Une autre chose qui contribuait à entretenir en lui le goût des lettres, c’étaient les nombreux passages de littérateurs, — j’entends passages, à la façon des hirondelles, — que Marseille voit se succéder, grâce à sa situation géographique. Tantôt, c’était Lamartine, à la veille de son voyage en Orient ; tantôt, c’était Alexandre Dumas, en train de découvrir la Méditerranée. On pense si le jeune Autran s’empressait pour saluer ces écrivains célèbres, qui déjà partageaient son admiration avec les navigateurs. Il faisait des feuilletons dans un journal de la ville, qui ne sentaient pas du tout l’écolier ; bientôt la grande famille littéraire et artistique s’habitua à voir en lui son correspondant à Marseille. Jules Janin lui adressait ses comédiens et ses comédiennes protégées ; Théophile Gautier lui recommandait des peintres.
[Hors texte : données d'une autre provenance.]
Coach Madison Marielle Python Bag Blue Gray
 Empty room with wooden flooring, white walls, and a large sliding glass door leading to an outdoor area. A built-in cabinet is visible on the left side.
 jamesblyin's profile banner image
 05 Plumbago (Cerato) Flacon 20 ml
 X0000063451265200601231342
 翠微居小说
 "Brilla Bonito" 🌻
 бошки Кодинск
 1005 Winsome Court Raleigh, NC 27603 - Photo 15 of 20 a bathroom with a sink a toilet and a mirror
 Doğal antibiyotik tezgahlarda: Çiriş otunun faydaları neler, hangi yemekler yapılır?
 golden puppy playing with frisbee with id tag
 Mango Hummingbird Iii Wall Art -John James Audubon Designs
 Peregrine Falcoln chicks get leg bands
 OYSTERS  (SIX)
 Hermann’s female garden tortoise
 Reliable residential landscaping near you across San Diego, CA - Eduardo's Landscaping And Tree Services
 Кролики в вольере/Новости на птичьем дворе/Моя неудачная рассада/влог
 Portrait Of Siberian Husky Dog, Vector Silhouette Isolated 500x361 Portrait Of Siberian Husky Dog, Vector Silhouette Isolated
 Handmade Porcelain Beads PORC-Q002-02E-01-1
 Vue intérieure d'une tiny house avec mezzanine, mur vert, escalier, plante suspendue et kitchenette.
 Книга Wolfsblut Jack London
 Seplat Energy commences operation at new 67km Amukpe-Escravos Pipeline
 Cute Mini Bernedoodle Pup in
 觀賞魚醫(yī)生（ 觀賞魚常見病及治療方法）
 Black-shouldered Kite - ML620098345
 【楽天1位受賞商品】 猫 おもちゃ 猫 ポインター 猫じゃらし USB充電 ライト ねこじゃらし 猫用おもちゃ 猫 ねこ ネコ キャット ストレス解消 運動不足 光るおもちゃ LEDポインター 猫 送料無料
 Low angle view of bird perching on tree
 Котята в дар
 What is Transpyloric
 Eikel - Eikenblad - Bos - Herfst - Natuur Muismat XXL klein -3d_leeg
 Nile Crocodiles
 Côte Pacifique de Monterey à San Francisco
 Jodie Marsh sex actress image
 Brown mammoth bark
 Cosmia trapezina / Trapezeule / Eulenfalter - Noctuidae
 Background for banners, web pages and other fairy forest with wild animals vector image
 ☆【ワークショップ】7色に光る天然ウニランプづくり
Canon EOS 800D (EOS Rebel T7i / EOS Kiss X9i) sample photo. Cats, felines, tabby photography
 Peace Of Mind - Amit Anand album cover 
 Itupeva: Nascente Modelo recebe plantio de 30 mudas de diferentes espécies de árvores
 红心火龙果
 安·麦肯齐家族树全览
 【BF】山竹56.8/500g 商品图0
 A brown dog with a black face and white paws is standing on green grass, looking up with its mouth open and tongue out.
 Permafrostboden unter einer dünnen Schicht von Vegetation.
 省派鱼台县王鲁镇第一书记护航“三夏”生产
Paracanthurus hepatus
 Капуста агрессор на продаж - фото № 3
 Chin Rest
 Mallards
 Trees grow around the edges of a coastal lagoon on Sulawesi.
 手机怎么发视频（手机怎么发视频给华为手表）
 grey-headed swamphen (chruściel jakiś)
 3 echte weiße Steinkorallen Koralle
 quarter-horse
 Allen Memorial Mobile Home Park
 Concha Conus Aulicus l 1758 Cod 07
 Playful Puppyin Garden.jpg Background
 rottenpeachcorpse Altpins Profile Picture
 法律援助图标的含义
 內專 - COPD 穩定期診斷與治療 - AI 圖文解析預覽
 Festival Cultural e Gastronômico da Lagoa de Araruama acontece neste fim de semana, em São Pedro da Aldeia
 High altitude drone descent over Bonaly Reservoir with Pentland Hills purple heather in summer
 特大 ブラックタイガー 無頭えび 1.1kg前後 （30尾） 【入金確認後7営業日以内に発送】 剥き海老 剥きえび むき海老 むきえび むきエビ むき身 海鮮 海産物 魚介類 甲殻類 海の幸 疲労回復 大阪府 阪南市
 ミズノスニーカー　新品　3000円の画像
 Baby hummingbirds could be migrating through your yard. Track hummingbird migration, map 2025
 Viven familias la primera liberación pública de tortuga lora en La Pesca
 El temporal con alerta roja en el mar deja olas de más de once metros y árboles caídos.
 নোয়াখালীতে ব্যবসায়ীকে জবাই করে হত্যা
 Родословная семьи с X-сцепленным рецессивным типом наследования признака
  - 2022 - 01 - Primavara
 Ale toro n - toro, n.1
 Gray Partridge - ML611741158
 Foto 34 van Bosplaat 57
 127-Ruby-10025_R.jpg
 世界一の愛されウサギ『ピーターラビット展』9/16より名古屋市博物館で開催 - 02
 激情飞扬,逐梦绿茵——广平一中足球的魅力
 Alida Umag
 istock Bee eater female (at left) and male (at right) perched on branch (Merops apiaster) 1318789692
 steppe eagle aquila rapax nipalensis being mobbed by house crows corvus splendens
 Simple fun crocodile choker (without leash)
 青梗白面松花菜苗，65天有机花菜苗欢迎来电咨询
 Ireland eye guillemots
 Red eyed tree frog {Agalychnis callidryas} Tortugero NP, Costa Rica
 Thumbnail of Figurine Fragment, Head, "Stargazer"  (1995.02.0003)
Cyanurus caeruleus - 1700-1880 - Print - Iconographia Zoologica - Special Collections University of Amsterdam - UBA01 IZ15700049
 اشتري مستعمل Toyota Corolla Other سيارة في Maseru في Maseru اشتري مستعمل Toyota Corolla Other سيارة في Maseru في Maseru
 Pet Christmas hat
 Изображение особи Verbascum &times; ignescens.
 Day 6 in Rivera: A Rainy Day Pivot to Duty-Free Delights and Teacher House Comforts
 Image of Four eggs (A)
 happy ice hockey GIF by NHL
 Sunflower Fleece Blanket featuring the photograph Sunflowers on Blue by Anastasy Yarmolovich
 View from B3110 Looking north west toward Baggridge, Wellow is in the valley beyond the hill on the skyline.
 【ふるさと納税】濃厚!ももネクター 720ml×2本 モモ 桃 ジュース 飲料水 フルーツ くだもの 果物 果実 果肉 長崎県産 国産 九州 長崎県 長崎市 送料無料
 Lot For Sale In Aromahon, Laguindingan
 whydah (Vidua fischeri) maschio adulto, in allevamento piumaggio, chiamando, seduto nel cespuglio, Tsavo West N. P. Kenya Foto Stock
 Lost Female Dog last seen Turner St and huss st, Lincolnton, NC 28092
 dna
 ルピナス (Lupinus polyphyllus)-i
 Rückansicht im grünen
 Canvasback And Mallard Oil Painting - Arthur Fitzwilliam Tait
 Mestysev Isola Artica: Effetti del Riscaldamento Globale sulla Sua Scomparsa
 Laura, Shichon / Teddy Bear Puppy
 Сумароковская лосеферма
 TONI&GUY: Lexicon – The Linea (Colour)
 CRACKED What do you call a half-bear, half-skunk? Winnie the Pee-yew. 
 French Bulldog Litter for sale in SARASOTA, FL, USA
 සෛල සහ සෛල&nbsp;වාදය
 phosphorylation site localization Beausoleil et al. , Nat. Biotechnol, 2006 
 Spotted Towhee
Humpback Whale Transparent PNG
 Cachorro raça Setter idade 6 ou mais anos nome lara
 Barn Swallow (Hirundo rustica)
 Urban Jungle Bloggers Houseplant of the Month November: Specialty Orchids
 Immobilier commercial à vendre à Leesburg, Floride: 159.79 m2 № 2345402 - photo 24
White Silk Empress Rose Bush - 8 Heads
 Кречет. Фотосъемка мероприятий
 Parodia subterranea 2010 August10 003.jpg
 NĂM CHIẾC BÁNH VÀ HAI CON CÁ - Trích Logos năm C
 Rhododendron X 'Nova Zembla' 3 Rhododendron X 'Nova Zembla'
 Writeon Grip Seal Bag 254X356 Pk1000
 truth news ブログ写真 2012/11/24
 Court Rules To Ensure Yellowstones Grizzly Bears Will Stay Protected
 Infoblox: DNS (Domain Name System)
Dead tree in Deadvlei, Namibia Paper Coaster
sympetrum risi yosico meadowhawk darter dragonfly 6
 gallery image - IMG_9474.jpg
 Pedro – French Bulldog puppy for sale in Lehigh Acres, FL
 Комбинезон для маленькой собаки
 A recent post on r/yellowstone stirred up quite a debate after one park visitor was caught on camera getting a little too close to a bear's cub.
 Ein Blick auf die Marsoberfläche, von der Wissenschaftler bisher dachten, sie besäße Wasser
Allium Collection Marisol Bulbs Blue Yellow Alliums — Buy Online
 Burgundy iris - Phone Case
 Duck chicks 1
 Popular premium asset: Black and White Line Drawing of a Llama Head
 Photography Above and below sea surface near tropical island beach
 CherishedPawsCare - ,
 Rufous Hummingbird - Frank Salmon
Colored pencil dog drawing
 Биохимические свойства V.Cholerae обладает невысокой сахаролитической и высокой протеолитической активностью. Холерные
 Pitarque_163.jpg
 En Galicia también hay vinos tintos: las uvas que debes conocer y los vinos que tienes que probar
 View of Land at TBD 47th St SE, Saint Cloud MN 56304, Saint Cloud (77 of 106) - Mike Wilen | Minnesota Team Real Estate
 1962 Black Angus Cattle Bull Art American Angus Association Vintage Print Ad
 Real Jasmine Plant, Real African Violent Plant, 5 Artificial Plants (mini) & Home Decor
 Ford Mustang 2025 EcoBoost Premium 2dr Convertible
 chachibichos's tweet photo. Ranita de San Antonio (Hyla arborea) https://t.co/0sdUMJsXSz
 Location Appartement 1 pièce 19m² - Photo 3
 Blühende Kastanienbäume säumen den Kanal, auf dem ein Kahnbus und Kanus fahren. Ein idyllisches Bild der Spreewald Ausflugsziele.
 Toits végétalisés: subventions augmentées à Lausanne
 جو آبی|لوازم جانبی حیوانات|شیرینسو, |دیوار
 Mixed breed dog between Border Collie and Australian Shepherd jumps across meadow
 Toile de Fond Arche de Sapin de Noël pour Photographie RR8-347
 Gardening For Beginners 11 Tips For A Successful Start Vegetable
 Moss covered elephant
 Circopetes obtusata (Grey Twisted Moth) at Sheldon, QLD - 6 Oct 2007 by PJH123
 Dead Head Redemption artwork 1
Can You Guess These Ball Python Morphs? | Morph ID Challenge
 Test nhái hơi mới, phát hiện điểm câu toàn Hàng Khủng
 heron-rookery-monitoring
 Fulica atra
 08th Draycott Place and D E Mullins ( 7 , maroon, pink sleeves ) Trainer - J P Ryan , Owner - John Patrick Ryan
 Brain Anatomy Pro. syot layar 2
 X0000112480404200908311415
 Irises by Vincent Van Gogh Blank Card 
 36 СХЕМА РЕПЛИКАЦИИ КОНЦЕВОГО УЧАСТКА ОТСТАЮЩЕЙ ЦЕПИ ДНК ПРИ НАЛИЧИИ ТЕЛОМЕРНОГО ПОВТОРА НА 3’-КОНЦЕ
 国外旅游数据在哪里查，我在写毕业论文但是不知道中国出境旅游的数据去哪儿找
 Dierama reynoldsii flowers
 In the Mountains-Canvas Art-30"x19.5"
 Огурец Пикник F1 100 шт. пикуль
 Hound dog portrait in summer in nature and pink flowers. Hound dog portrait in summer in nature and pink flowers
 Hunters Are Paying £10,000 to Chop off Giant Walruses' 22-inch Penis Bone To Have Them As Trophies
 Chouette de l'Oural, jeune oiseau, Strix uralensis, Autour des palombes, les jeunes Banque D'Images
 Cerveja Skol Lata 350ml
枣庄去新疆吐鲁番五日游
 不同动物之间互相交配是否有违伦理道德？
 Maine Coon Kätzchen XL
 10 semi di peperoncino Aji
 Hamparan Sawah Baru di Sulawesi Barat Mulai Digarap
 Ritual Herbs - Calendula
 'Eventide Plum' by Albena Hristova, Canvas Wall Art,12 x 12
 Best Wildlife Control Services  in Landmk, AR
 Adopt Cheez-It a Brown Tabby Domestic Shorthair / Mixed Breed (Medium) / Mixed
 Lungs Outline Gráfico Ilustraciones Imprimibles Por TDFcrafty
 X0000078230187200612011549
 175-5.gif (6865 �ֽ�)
En allant et venant sur la route d’Italie, Franz Liszt s’arrêtait pour lui serrer la main et passer avec lui une de ces bonnes soirées auxquelles ne manquait aucun genre de prestige, s’il faut s’en rapporter à ces vers, écrits bien des années après :

Je t’écris ce mot, de la même plage
Où jadis, un soir, vers le bord du flot,
Tu faisais chanter, — c’était le bel âge ! —
Un de ces claviers que fait Boisselot.